With its sneering class or educational snobbery, it’s unjust and often vile assumptions about working-class women it actually undermines the left’s vitally important messages about oppression, division and unity.
One thing which is so very divisive in our movement, for example, is the presumption of anti-trans hatred made against anyone, no matter their political record or character, no matter any other evidence to the contrary or even if they, like me, are proudly trans themselves.
If they disagree that gender identity should overrule biological sex or contend that what are being claimed as rights by many trans people unfairly remove rights and autonomy from women, then they are assumed to be bigots as if there could never be any other explanation than hate for asserting that binary sex is real and highly significant to billions of human beings or for recognising and asserting that it’s unjust that the rights claimed by most members of one group threaten to take away rights and autonomy from another group.
To assume hatred as the only explanation for that is against natural justice, is disingenuous and is corrosive to working-class solidarity.
Transphobia is a real and life-crushing prejudice for many trans people. We have a long way to go to defeat it, but too many activists are crying wolf so repeatedly and with such hyperbole and misrepresentation that it would raise even Orwell’s eyebrows.
Transphobia is a word now so tragically and dangerously cheapened that it is steadily losing its power.
For much of the time in Britain today it simply means disagreeing with identity politics or believing biological sex is dimorphic, real and significant.
It is both a travesty and a tragedy which is actively undermining the real fight against anti-trans hatred, against the disadvantage and discrimination faced by many trans brothers and sisters.
The detachment from the material reality of sex inevitably finds its corresponding equivalent in a detachment from political reality.
Facts become irrelevant, only feelings matter, just never the feelings of anyone else, especially women.
It is precisely because woke cancel culture has (rightly in all too many cases) become so widely despised, as the epitome of an obnoxious, holier-than-thou elitism that it threatens to open the door to the right. Some of us have been warning of this danger for a number of years.
The loss of Labour’s heartland working-class support in the recent general election and the even bigger disaster that Jo Swinson brought on herself should have made it clear that dismissing working-class Leave voters as idiots, gammon and racists and dismissing working-class women concerned about the rights of their sex as idiots and transphobes is not a winning electoral strategy.

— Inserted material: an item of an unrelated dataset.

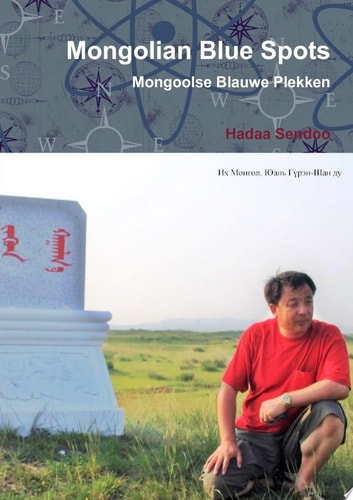 Mongolian Blue Spots / Mongoolse Blauwe Plekken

The left can only defeat the right with the working class at its heart, with a sober grip on material reality and a unity built on solidarity in action, on a principled fight against all oppression (including trans oppression and women’s oppression) and on patient engagement and respectful treatment of fellow working people with whom we often have big, even painful disagreements.
Before we can defeat Johnson and his bigoted government, we must turn away from middle-class cancel culture to a collectivist model of patient, respectful agitation and to a frank debating of differences — above all to action in defence of our services, communities and workplaces against the government.

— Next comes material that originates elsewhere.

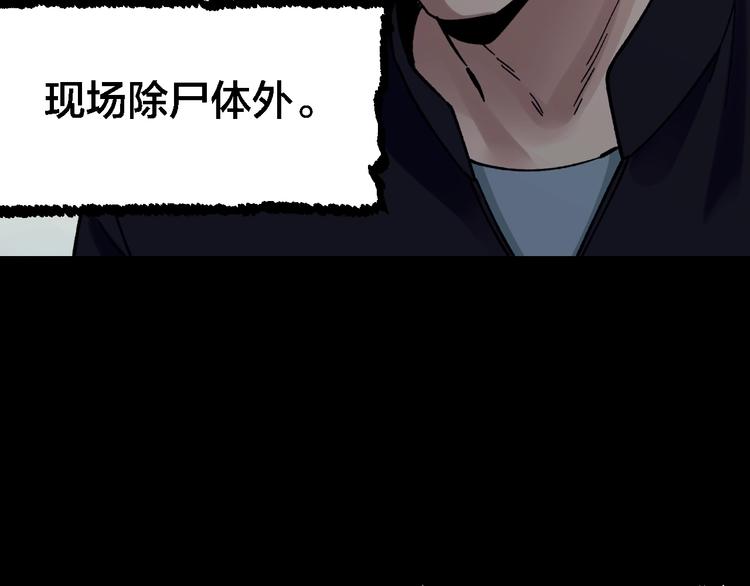 第38话 罪之七宗(1/3)-第39话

The Labour Party should be turning towards the working class, not turning its back on the working class after looking down its nose at us or after treating working-class women as objects to be redefined by others, not subjects in their own story.
If we want to cancel Johnson’s government it’s time to cancel “cancel culture” itself. We need an engagement culture, a collectivist culture, a working-class culture. Oppose all bigotry but choose socialism not wokeism to do it.